**Task goal:** The word "Secure" marks the lines you need; copy each of them from the data.

[Short descriptive text snippets]
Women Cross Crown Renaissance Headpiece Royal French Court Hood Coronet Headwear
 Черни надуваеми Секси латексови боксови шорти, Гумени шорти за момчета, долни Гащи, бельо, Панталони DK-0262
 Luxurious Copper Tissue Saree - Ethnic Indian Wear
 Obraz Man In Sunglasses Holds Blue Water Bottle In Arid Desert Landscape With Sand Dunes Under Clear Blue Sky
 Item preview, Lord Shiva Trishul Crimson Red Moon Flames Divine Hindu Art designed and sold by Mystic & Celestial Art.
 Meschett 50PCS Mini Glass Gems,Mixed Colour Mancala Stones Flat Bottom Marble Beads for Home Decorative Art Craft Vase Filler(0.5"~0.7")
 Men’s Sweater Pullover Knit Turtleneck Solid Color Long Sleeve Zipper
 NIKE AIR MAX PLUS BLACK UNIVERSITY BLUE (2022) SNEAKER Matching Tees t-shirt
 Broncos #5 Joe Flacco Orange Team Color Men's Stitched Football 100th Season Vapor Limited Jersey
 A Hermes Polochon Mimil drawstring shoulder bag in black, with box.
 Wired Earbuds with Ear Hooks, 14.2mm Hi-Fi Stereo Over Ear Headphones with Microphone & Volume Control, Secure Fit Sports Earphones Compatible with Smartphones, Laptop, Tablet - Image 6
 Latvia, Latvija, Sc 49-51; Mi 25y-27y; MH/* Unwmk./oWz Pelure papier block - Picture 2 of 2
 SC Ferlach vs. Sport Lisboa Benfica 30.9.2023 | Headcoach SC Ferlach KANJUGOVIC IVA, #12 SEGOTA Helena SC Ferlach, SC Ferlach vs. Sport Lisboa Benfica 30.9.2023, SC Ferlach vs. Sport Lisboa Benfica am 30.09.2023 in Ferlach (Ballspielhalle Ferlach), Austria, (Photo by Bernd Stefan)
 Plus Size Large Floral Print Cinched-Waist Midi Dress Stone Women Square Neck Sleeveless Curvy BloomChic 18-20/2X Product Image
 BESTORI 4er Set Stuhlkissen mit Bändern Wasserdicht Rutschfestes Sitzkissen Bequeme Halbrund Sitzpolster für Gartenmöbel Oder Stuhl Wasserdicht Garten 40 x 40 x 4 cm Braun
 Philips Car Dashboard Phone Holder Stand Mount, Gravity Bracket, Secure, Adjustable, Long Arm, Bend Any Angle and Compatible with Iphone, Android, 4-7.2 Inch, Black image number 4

**Exercise answer:**
 Wired Earbuds with Ear Hooks, 14.2mm Hi-Fi Stereo Over Ear Headphones with Microphone & Volume Control, Secure Fit Sports Earphones Compatible with Smartphones, Laptop, Tablet - Image 6
 Philips Car Dashboard Phone Holder Stand Mount, Gravity Bracket, Secure, Adjustable, Long Arm, Bend Any Angle and Compatible with Iphone, Android, 4-7.2 Inch, Black image number 4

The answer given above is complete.